From start to finish, your site must look to close the deal.

Take a good look at the template offered by your website designers. Do the color scheme and the design blend well with the product or service you offer? Are you hell-bent on a favorite crimson background even though you sell baby products? Desist. Again, soothing swirls or floral motifs will win over geometric patterns for the same site. What if you sell a bouquet of products? Keep the background light and clear rather than dark and over cluttered. Add one telling graphic that does not obscure the text. A good thumb rule to follow is that text is better than graphics – less room for confusion!

Next comes your home page. Everything you have, or at least the flagship products must be showcased to the advantage of the potential consumer. Let them see what the product will do for them. Let them see the reasons they should buy your baby shampoo over any other. When you write ‘about us’, there is the unspoken part ‘what about us is good for you’ - the benefit to the customer must always be highlighted. In the internal pages, you could have short, snappy videos; only one per page, please, to drive the point home.

Display your back links clearly. A single click should transport him into the desired page. Ease of navigation is a definite advantage for the browser comparing sites and products. Consider the physical counterpart; where you prefer a store not too far from home or work, with easy parking, easy access to the merchandise and a quick checkout counter. Create this in the e-commerce site as well.
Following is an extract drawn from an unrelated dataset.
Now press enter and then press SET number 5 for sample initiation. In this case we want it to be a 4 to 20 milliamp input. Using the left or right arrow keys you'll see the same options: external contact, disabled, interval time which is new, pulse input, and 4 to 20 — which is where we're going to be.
Organize the page logically. Featured products to the left, shopping cart in the top right or the bottom right corner, where it is easiest to see and click and so on. A savvy site would, in addition, have provisions for the visually challenged. See if you can incorporate this in your site.
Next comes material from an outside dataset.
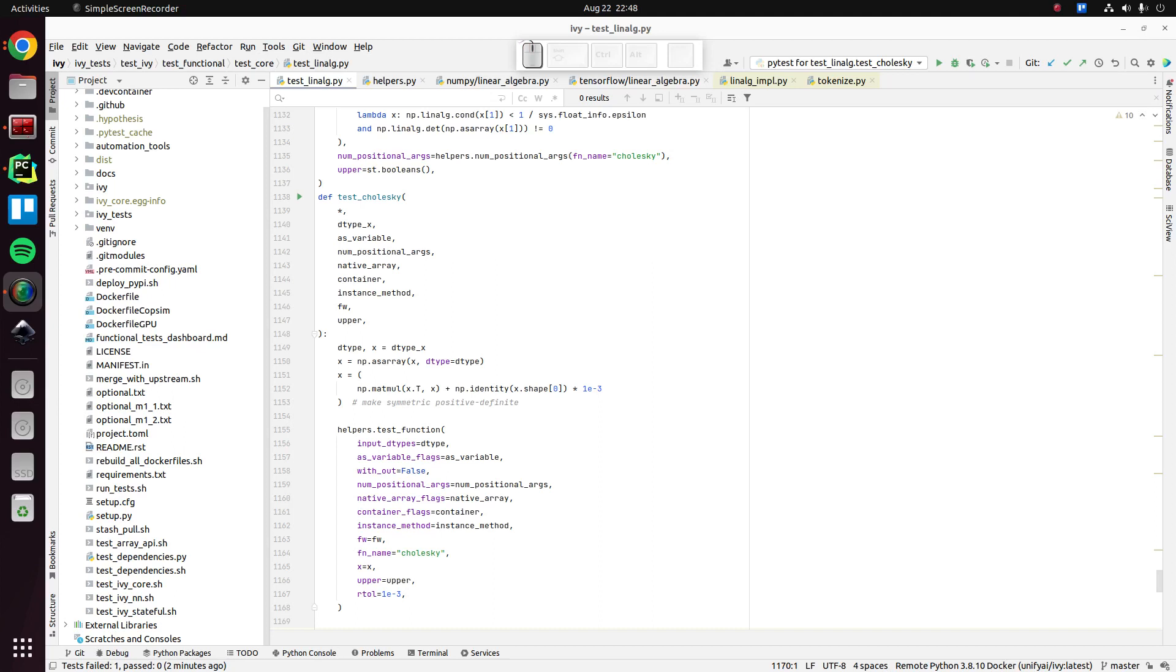Hi there. In this video, we're going to continue going through some tests. Before the video, I did a quick search and found the next failing test,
Delight the customers by making it very easy for them to place the order. Display the shopping cart prominently on all pages to tempt them into making a purchase. An attractive uncluttered dialogue box with unambiguous text will work wonders. E.g. Choose a neutral beige background with an easy to read font, even if you have a fondness for flourish. Use the word ‘number’ over ‘units’. The customer is not a moron, but he definitely does not want challenging, time consuming forms. He’s at your site for a hassle-free shopping experience, remember? So do what you would do at a physical store to ease the shopping experience and make the customer come back for more. Make a visit to your site a premium want-to-repeat shopping experience.